Dans la perspective évolutionniste des auteurs du XIXe siècle et des débuts du XXe, l’histoire de l’humanité était scandée par une série de changements brusques : on distinguait ainsi la révolution néolithique (invention de l’agriculture), la révolution urbaine (apparition des villes, de l’écriture et, parfois, des États), beaucoup plus tard la révolution industrielle… Ces transitions brutales n’étaient en fait que des métaphores, et même les défenseurs de ces formules, tel Gordon Childe, n’ignoraient pas l’aspect progressif de ces changements. Aujourd’hui, l’archéologie ne cesse de faire la démonstration du caractère graduel de l’apparition de l’agriculture et, un peu plus tard, de l’émergence des civilisations. Ceci vaut également pour une activité dont on a cru pendant longtemps qu’elle devait avoir été inventée tardivement : la guerre. En effet, on a souvent laissé entendre que la guerre était apparue au Néolithique et pour des raisons bien concrètes : avec la naissance de l’agriculture, le surplus et la capitalisation contribuent à la création de « richesses », la terre, source de compétition entre les hommes. Mais cette conjecture matérialiste ne tenait pas compte des observations des ethnologues témoignant de l’existence d’autres motifs aux conflits entre des groupes humains par ailleurs dépourvus de richesses matérielles : vexations, insultes, transgressions de frontières, ruptures d’alliances, rapts de femmes ou d’enfants, etc.

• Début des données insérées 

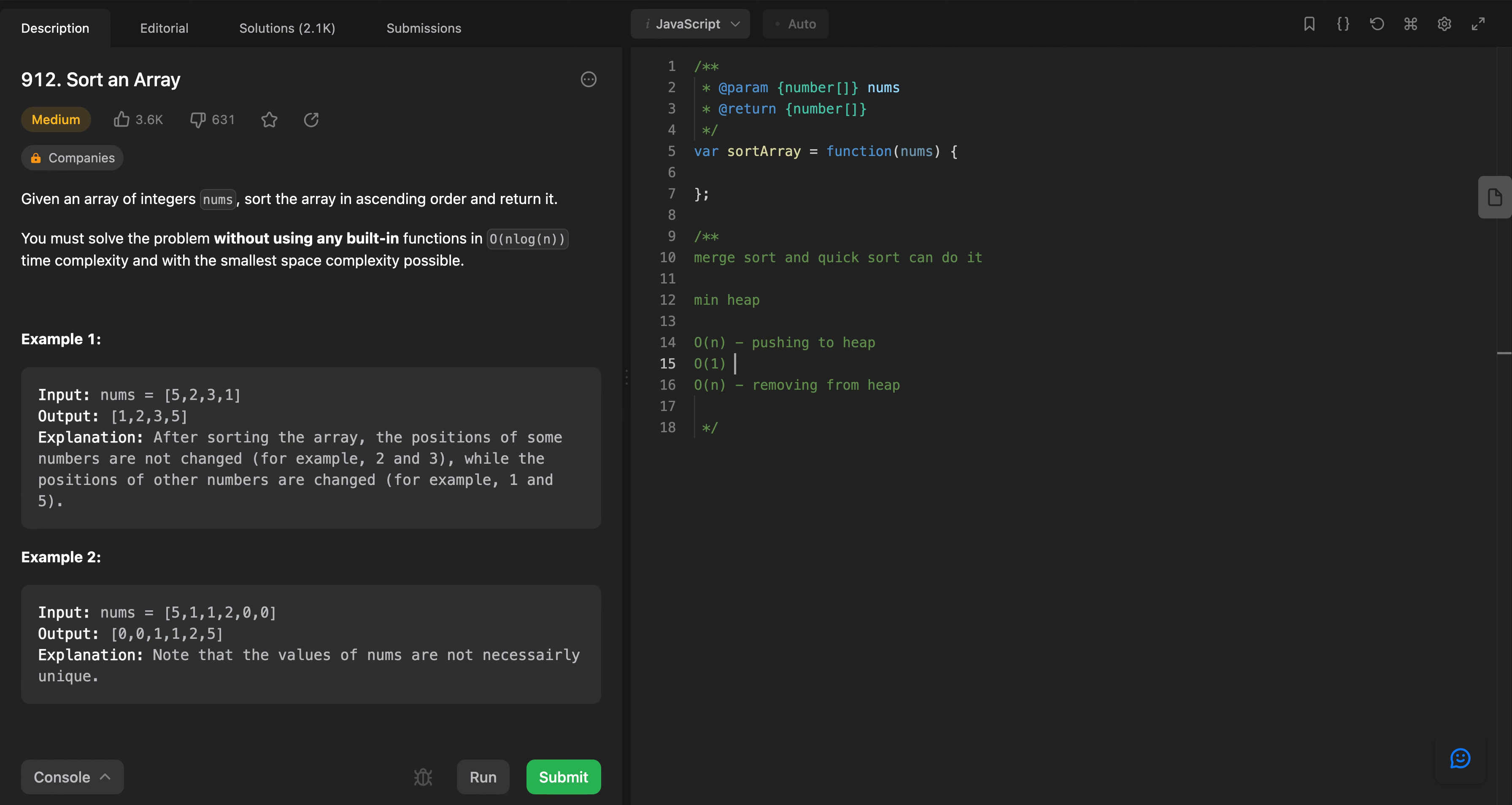Actually, this will be O(n log n) for rearranging the heap, and this log n will be the height of the heap.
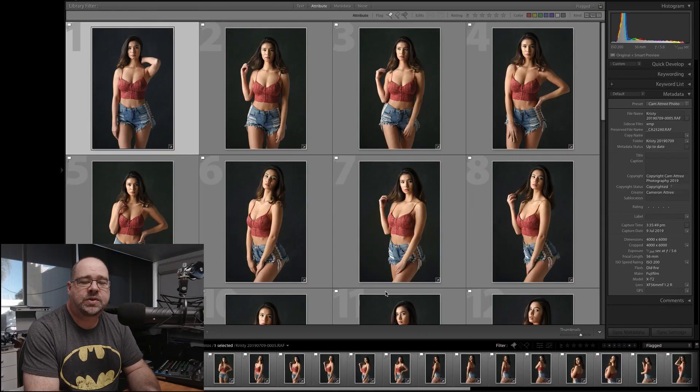G'day guys, just got a quick video for you today. I wanted to share this new Lightroom technique for skin smoothing using the texture slider. I came across this technique a couple days ago via fellow YouTuber Michael Sasser, who's a boudoir photographer in LA, and I thought this was a really great technique to share in case you haven't come across it yet. So let's jump straight into Lightroom and have a look.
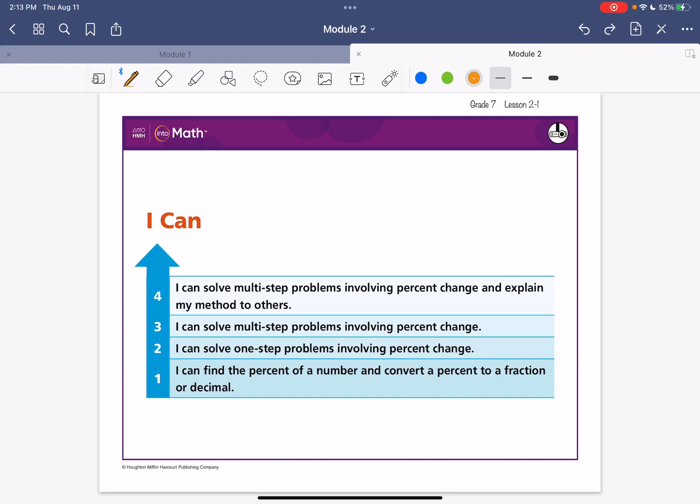Okay, lovelies, we are going to do grade 7, module 2, lesson 1. Our I can statement is, I can solve multi-step problems involving percent change.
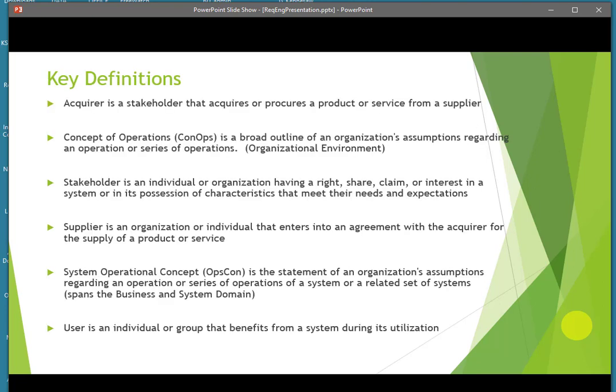Key definitions may be different than you're used to using in your work environment, but this is a consortium of people from around the world and the terms you use should have equivalents in this document. The acquirer is the person looking to get the product or service — a specific type of stakeholder. There's a concept of operations document, a very high-level document describing your business organizational environment. The stakeholder is the person with a key interest in the software or system. The supplier is the person or group producing the project. The system operational concept spans business domains and system domains.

L’archéologie montre aujourd’hui que la violence physique, pratiquée à des échelles et selon des formes diverses, est très ancienne dans l’histoire de l’homme, bien antérieure au Néolithique. Certes, nous ne connaissons pas les motifs de cette violence. Mais sa seule présence est déjà le signe d’un lointain enracinement. Entre la violence attestée au Paléolithique et la guerre des débuts de l’histoire, opposant de véritables armées, s’étend une large plage de temps au cours de laquelle il est possible de suivre la genèse du processus menant à la formation de véritables civilisations guerrières tournées vers la conquête, armes à la main.
Les premiers vestiges de morts violentes
Les plus anciens indices d’agression ont été relevés sur des ossements de Néandertaliens et sont à coup sûr attestés dès les phases anciennes du Paléolithique supérieur, environ 25 000 ans avant notre ère. Des représentations pariétales d’êtres anthropomorphes percés de flèches existent dans diverses cavités du Sud-Ouest de la France. Mais ce sont encore des cas de meurtres isolés. Vers la fin des temps paléolithiques, entre - 12000 et - 10000, une nécropole soudanaise, le Djebel Sahaba, montre les restes d’une soixantaine de sujets, dont près de la moitié portent des traces d’élimination par projectiles. Certains corps ont été criblés de flèches. Cela suggère fortement la pratique de massacres.